Prime Black, separate from the model- having the shoulder separate makes it easier to paint the fine details in the final stages, and prevents the trouble of hard to reach spots behind pistol butts, swords, etc.

 

Base Bestial Brown

 

Now there are two choices

 

Easy: Paint on a few watered down layers of Dheneb Stone until mostly even, paint over with Bleached Bone, and line the edges and recesses with Vomit Brown or Bestial Brown, depending on preference.

 

Hard: Layer steadily up to Bleached bone with progressively lighter shades of brown, starting with Vomit, then Graveyard Earth, Khomando Khaki, and finally Bleached Bone. Keep each layer thin and watered down to ensure a smooth finish in the end.

 

I don't highlight the bleached bone in either method, which i think helps to keep that sort of worn/ancient/gritty look that the pure white lacks.

 

I needed this lore. I came here to steal it.
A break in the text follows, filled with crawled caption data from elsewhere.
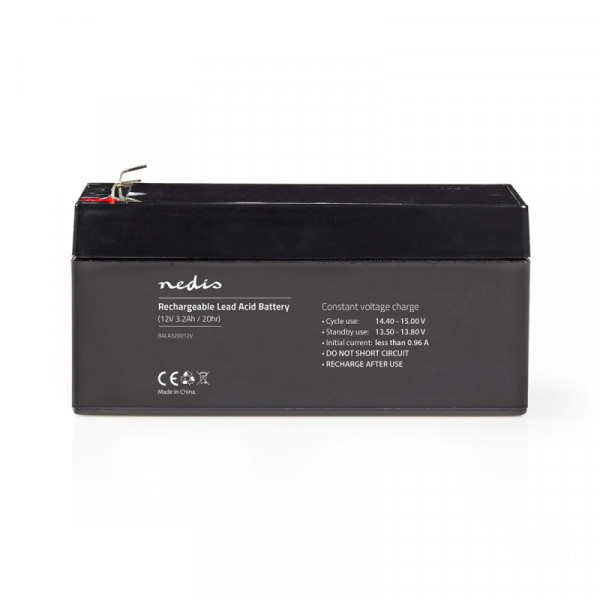 Loodaccu - 12V - 3200 mAh - 134 x 67 x 61 mm - Zwart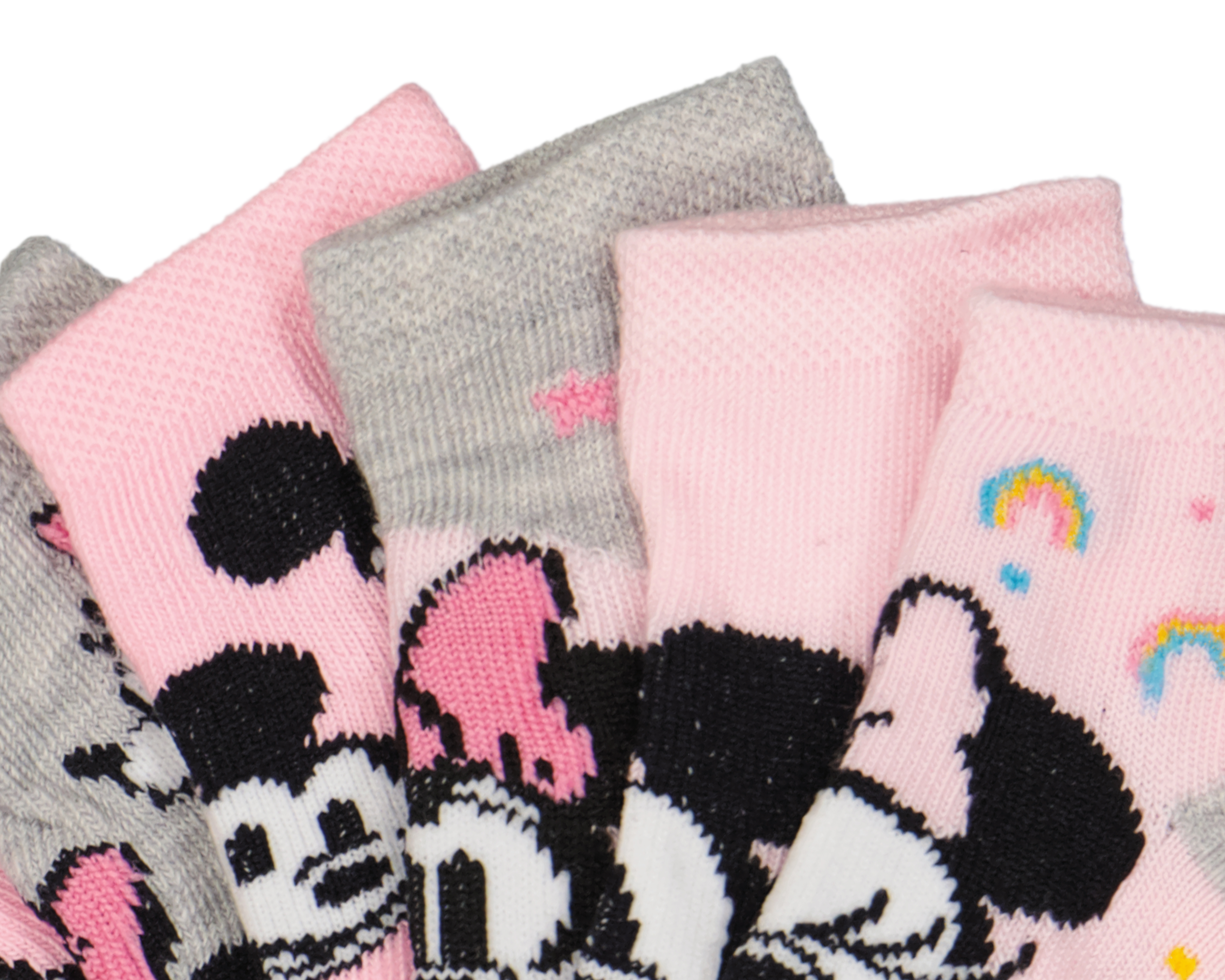 Foto 3 pulgar | Foto 2 | Calcetas para Bebé Niña Disney Minnie Mouse 6 Pares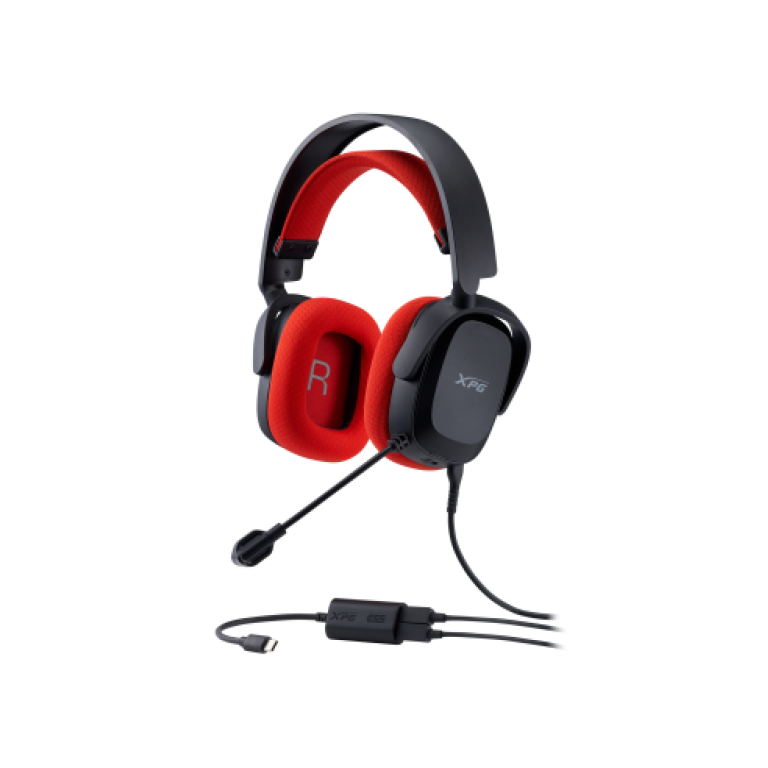 ADATA XPG CUFFIE PRECOG STUDIO USB BLACK 101dB+-3dB OMNIDIR MIC 20-2000FREQ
On the topic of the Rhino's weathering, I think some of the problem is that you have splatter and have applied the effect as if it was mud rather than dust from a desert. Dont get me wrong, I SUCK at painting and pay others to do it for me, however, what I am seeing on the tanks is a mud splatter. No matter how like you make the weathering and what colours, it still has the splatter effect which you dont normally see from vehicles moving through a desert/arid landscape.

Indeed. Trust a tanker : it looks great, but as a dried mud effect. Sand itself wouldn't stick to the low sides of the hull (unless wet), instead you have an overall dusty appearance (drybrush of tallarn sand, bleached bone, or why not a tamiya weathering stick should do the trick). Then you can glue some actual sand to the tracks themselves, and if you want to give the impression that it just went through a sandstorm, glue some to some corners of the roof, to represent deposits from the wind.

I tried doing strictly drybrushing to begin with, and it looks pretty silly, actually. That being said, the mud-spatter isn't helping a lot either. I think the drybrushing may have failed originally because of a lack of texture. I eventually went out and got some of that coarse half-assed-basing paint (much more durable than glue and sand) from GW to slap on texture where I need it.

 

So sometime I'll have to go back and start fresh, just adding some chunkies where I think they'll look good and drybrushing on from there.

 

But for now, I have like 10 Neophytes, 4 Sword Brethren and 4 Initiates to assemble and paint...and then after that I'll need 5 more Neophytes, then a bunch of crap for my Arrows. Yick.